Published in final edited form as: Mol Cell. 2010 Dec 10;40(5):683–684. doi: 10.1016/j.molcel.2010.11.036

Histone demethylation and timely DNA replication

Erica L Gerace 1, Danesh Moazed 1
PMCID: PMC3016942  NIHMSID: NIHMS259095  PMID: 21145476

Abstract

It is well-established that silent regions of the genome replicate late during S phase. In this issue of Molecular Cell, Black et al. uncover a conserved role for the JMJD2 family of histone demethylases in promoting replication within silent chromatin regions that contain histone H3 lysine 9 methylation and HP1.

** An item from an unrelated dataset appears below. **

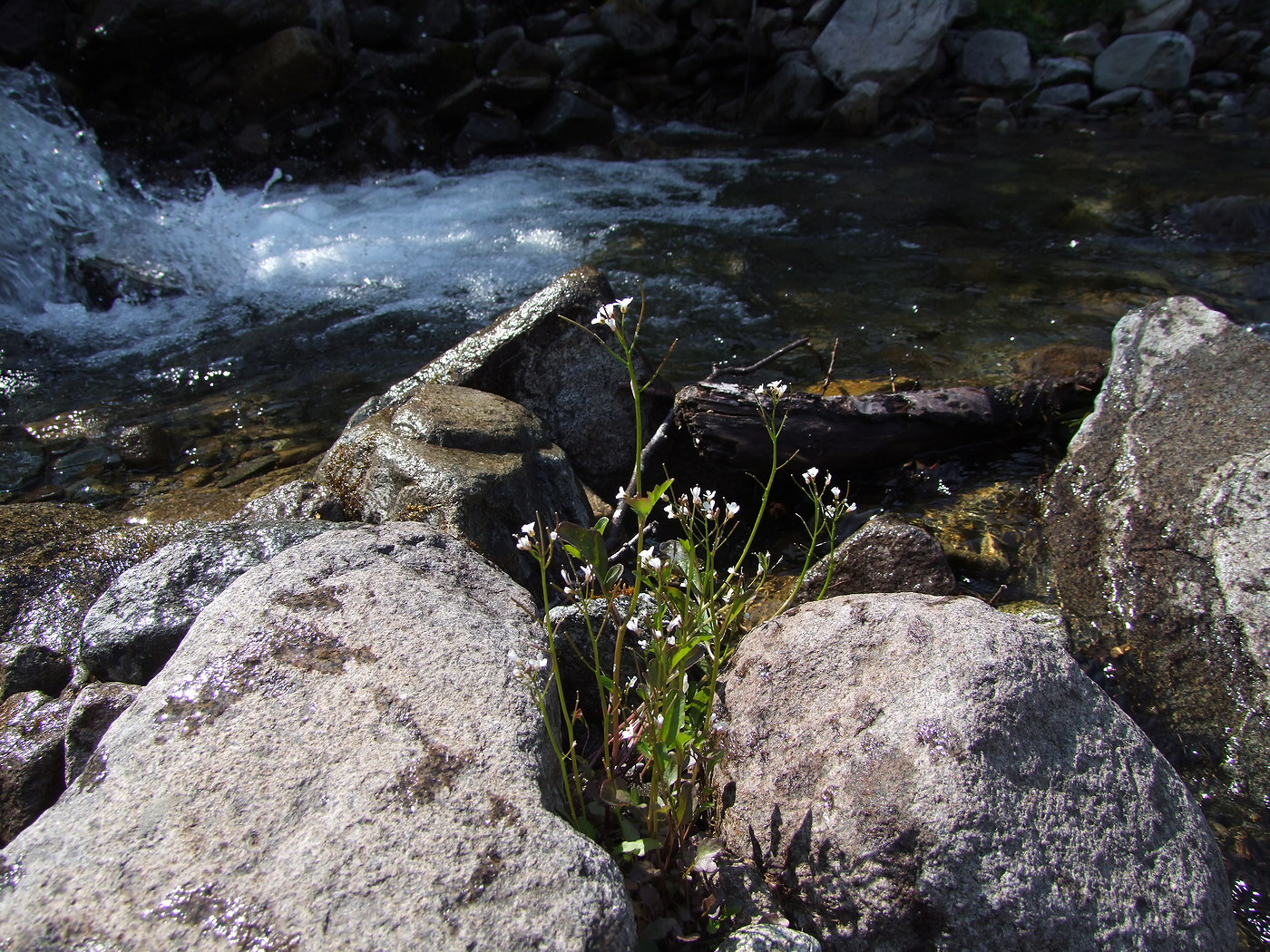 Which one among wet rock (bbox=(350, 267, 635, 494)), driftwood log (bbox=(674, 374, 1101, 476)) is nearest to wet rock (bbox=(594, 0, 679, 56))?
wet rock (bbox=(350, 267, 635, 494))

The faithful replication of the genome during each cell division is a vital process that is highly coordinated and tightly controlled. In eukaryotic cells, origins of DNA replication, the sites where replication begins, are found throughout the genome and fire at different times throughout S phase. This timing is influenced by local chromatin structure and correlates with cell type-specific differences in gene expression and chromatin structure. Although there are exceptions, in general, transcriptionally active portions of the genome are replicated earlier in S phase than those found in silent, heterochromatic regions (MacAlpine and Bell, 2005). Histone H3 lysine 9 (H3K9) methylation is a conserved modification that is found in heterochromatin from fission yeast to human, and defines a binding site for Heterochromatin Protein 1 (HP1) family members, which help make heterochromatin inaccessible. Recent studies suggest that heterochromatin is more dynamic than previously appreciated and can be broached by machineries that transcribe and repair DNA (Kwon and Workman, 2008). However, how access to heterochromatin or other silent regions is regulated is poorly understood.

The discovery of histone lysine demethylases suggested new mechanisms for regulation of chromatin structure and, indeed, these enzymes have already been identified with numerous roles in regulation of transcription. Histone lysine demethylation is catalyzed by two distinct classes of evolutionarily conserved enzymes (Shi and Whetstine, 2007). JmjC domain proteins are metalloenzymes that catalyze oxidative reactions. Several years ago, a JmjC-domain protein of the JMJD2 family was found to catalyze the demethylation of tri-methylated H3K9, H3K36 and H1.4K26 (Fodor et al., 2006; Klose et al., 2006; Trojer et al., 2009; Whetstine et al., 2006). Depletion of JMJD-2 in C. elegans results in the activation of a DNA damage-induced apoptosis (Whetstine et al., 2006), but the molecular basis of this event had not been established.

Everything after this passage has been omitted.